The Panthers do have a gem on defence in Aaron Ekblad so thank old-school Dale Tallon for that draft pick under his GM's watch. (Speaking of which, wouldn't it be sad and ironic should the Panthers win a Cup with the core of the team players Tallon brought in. He did the same for the 2010 Chicago Blackhawks yet was fired before he could get his name on the Cup despite having his stamp all over that team.) Ekblad is a key building block, but to summarily fire Gallant 22 games into a season with no class or honor (I do believe that's a tenet of West Point, isn't it?) shows me more of a Wall Street than a West Point mentality. Let's call it Wall Point, shall we?

How does one make billions on Wall Street? Certainly not with a long-term buy-and-hold policy. No, all those trading algorithms are put to use making thousands of trades in microseconds daily. This firing smacks of the same. It's short-term thinking. We'll see if it works in the NHL.

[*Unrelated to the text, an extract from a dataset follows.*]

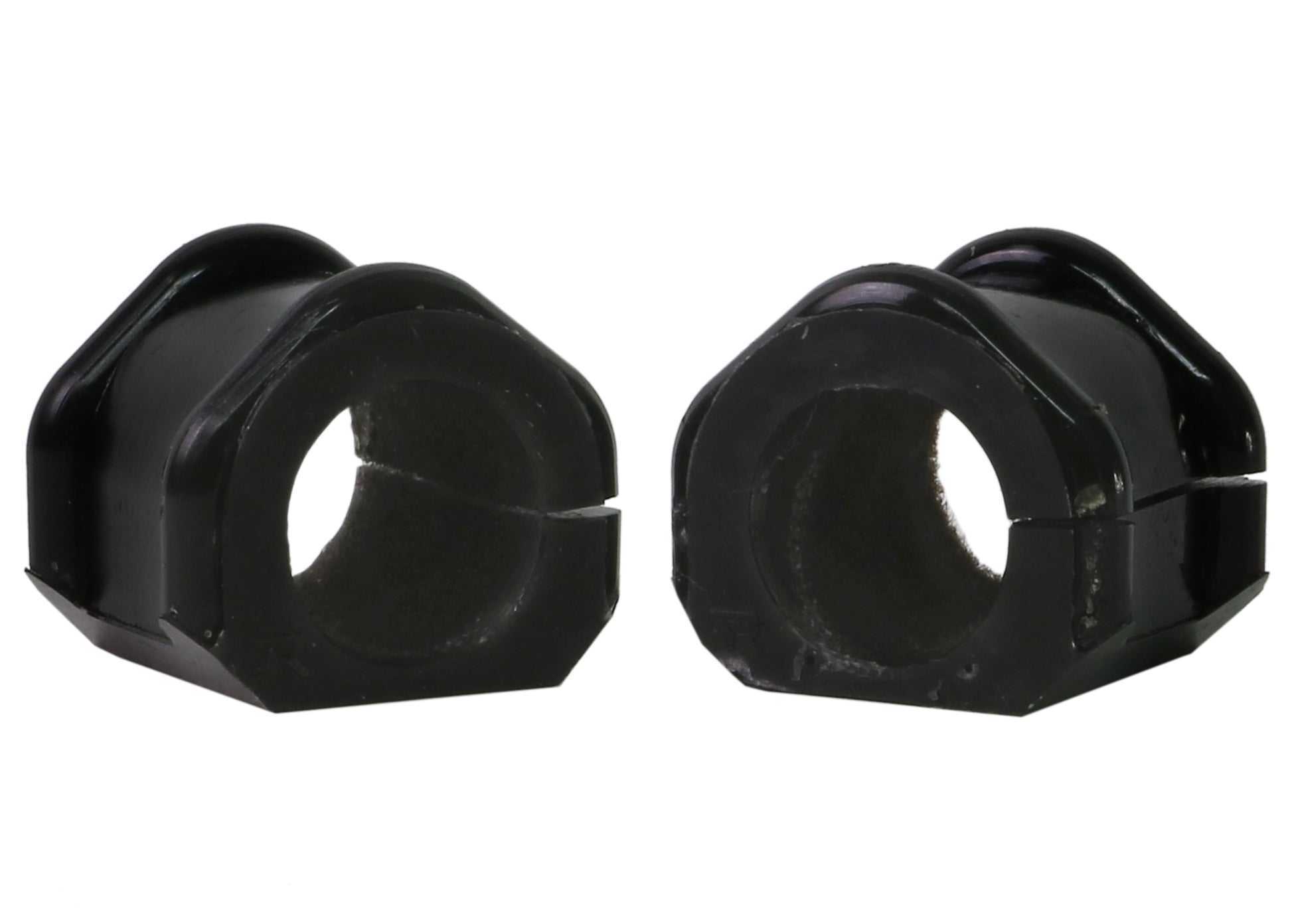 W21744 - Sway Bar Mount - Bushing Kit 26mm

So Tom Rowe is the new Lou--a GM who steps down to coach. Although Rowe was a head coach for six seasons in the AHL and two in the KHL, he has a horrendous playoff record--four times his teams lost in the first round and only in his first season with the Carolina Hurricanes' farm team, the Lowell Lock Monsters, did his team win a playoff round. In the KHL his Lokomotiv Yaroslavl also lost in the first round.

Then again Lou Lamoriello's coaching record in "pro" hockey was not all that great. Twice he took over the Devils' coaching reigns. The first time in the 2006 playoffs he got them past round one then they were out in round two. The second time in 2015 they missed the playoffs.

So if it's the new Lou the Panthers' owner wants, maybe it's the new Lou he gets.